##### Data records

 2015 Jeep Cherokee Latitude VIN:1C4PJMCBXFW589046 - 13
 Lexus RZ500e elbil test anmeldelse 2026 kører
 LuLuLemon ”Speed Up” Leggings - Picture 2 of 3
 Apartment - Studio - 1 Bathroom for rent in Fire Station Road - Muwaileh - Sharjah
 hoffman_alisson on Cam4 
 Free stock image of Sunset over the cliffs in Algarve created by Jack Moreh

##########

» Exercise
Every entry must appear again in the answer, exactly as written.

» Answer below
 2015 Jeep Cherokee Latitude VIN:1C4PJMCBXFW589046 - 13
 Lexus RZ500e elbil test anmeldelse 2026 kører
 LuLuLemon ”Speed Up” Leggings - Picture 2 of 3
 Apartment - Studio - 1 Bathroom for rent in Fire Station Road - Muwaileh - Sharjah
 hoffman_alisson on Cam4 
 Free stock image of Sunset over the cliffs in Algarve created by Jack Moreh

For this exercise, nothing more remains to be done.